Funny, you are criticizing the lesson for the questions raised in this lesson, and then providing many of the exact answers that are coming in later lessons...
Instead, based on what's in the first lesson, it looks like it will try to talk about a lot of things, explaining none of them really right.
So, which parts could I have explained better?
The protons have a mass that's relatively easy to measure. The charge is very well known, as is the interaction of moving charges with magnetic fields. If you fire a proton through a magnetic field, it will be accelerated into a circular motion, and the easily-measured radius of the circle (visible in a bubble chamber) will indicate what the mass is.
For neutrons, it's much harder. Early measurements at the time were imprecise compared to today's. Now that we better understand the mechanism of radioactive decay, we can find it through a roundabout means. When a neutron is not part of a nucleus, it is unstable, and decays into a proton, an electron, and an electron antineutrino. The difference in masses between the neutron and the proton is a significant factor in the half lives of these decays, so that was used in the early days to compute the mass of a free neutron.

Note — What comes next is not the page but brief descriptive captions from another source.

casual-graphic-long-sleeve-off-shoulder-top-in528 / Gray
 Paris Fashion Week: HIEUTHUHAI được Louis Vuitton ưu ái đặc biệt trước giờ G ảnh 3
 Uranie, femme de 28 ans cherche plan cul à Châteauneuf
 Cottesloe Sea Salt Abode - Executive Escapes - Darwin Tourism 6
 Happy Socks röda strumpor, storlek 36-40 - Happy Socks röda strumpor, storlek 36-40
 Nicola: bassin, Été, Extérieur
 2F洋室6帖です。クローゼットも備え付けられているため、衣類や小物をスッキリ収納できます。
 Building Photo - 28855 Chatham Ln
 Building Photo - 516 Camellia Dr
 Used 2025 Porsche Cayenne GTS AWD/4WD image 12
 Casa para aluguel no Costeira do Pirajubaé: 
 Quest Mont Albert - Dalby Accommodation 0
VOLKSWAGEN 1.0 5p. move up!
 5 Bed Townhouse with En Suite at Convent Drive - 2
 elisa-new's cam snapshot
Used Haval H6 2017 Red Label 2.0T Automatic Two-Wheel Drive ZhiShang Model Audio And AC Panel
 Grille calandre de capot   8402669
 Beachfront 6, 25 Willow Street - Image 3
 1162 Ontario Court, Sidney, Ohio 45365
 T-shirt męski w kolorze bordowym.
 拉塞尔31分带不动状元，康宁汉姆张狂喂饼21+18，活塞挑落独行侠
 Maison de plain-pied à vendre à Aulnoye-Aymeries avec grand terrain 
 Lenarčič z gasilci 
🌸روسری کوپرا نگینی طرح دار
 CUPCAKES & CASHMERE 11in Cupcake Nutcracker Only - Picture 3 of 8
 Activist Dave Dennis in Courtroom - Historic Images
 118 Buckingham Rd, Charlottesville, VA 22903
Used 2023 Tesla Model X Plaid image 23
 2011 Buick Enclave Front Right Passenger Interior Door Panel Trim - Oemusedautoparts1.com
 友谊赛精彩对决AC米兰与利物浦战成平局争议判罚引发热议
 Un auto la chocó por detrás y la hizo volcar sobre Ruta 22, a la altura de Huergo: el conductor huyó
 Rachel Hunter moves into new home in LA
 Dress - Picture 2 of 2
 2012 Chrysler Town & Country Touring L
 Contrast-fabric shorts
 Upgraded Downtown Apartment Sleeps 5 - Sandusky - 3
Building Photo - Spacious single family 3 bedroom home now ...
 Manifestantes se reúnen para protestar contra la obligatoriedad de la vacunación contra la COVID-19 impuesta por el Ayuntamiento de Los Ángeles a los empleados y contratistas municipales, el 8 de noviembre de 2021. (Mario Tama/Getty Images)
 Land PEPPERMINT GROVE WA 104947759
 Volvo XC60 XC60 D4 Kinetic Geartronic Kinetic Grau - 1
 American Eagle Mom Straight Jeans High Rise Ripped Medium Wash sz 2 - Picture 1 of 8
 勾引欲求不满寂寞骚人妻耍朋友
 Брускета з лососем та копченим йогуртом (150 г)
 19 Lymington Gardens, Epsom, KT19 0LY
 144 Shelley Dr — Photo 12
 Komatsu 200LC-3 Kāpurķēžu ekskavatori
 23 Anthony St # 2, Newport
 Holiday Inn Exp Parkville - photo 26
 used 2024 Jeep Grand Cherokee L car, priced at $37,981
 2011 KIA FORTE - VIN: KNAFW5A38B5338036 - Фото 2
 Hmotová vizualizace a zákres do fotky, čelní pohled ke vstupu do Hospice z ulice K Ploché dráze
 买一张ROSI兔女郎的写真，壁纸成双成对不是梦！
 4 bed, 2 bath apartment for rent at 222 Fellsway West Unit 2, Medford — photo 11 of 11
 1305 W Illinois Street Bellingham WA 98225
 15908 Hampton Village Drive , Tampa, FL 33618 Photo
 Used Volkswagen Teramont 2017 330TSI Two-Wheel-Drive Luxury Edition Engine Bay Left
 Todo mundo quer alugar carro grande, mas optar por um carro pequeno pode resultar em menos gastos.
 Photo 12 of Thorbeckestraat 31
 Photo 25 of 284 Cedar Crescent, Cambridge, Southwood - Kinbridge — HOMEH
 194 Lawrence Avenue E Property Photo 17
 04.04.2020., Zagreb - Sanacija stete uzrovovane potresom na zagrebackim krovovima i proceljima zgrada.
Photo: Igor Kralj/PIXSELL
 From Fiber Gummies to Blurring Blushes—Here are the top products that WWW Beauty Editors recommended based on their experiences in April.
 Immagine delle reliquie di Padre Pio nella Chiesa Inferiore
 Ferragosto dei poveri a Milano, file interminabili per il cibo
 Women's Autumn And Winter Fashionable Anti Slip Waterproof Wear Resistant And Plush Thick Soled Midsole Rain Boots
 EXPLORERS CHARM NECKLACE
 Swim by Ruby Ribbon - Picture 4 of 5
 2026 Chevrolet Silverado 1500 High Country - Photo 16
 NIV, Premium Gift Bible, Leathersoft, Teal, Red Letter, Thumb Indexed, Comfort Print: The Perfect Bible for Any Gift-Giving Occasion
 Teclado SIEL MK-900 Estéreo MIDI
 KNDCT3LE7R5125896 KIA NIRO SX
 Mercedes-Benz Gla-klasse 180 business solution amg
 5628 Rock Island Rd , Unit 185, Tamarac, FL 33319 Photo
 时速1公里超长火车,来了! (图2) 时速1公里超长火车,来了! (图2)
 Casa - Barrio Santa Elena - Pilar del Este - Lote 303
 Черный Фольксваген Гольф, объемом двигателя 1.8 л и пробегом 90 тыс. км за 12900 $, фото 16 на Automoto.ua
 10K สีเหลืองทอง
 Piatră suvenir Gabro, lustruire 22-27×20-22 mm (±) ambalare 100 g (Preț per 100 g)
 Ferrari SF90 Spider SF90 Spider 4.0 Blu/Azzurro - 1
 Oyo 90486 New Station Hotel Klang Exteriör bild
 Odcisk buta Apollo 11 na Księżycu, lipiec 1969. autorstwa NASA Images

Griffiths' text is commonly used, but I wasn't thrilled with it. I'm of the "do the math right or not at all" mentality, and his use of the probability distribution with operators instead of the psi* operator psi proper methodology in the first few chapters forms bad habits with students. It only works because he carefully chooses examples whose operators do not involve derivatives. His electricity and magnetism textbook is fantastic, and his particle text is great, but I'm not happy with his quantum text. Joachain and Bransden made a text I much prefer (in its first edition; I haven't looked at the second edition, ISBN: 0582356911) and would recommend over Griffiths in this case.
The Bureau 42 authors don't use the site for profits. Most years, ad banner revenue is about the cost of renewing the domain name, and none of us get paid to post our stuff. We just have fun in our spare time. That's where this came from; when doing my M.Sc., I found I enjoyed teaching in labs far more than I enjoyed doing the actual research. That realization and a case of bilateral elbow tendonitis prompted me to switch to education. Now I teach K-12 (along with other tasks) at the private education company everybody in North America has heard of, which I love, but doesn't hit the higher level physics often. I wrote these lessons for fun, and shared this one with Slashdot because I thought the series came out well and that others might enjoy reading them.
Yeah, introductory quantum mechanics is introduced typically in second year, and then more detailed versions including Dirac notation show up in third and fourth year. The graduate level is where relativistic implications are usually taken into account, unless you take senior undergraduate particle physics.
Actually, I was working on the ATLAS detector that is in place at the LHC when I started writing for Bureau 42 almost 10 years ago. And I don't know how we profit off of something that's free...
My philosophy (which is in lesson nine, and probably should have come sooner; lesson one is more focused on why we need quantum mechanics, and the rest develops over time) is that the concepts and ideas of physics are represented by the math, but not defined by them. Math can certainly point out directions to look at and avenues to explore, and indicate connections between ideas we hadn't previously noticed, but as a student, I always found that the worst possible reason for a physics phenomenon was "because the math says so." This is about getting those ideas across for people who want to learn about the ideas. The ideas covered in the last two lessons are not typically introduced before grad school. (Lesson one starts at the high school level, which is all I wanted to assume from my audience.) Will you be a researcher when you're done? No. Will you have a better understanding of popular science articles relating to quantum physics? I certainly hope so.
It's hit the concepts dealt with at the graduate level, but I left the math out to make those concepts accessible to people who don't have the heavy mathematical background. I'm half way through writing next year's summer school (linear algebra, full mathematical glory, ending with tensors), and the 2012 curriculum will be Einstein's Relativity and have two parts to each lesson. The first part will be all conceptual, like this, and the second part will have all of the math. 2013 will be real analysis, 2014 assessment theory, and years beyond that haven't been pinned down. The "Bureau 42 teaches" link at the side has everything along these lines listed, with links if they've already been posted.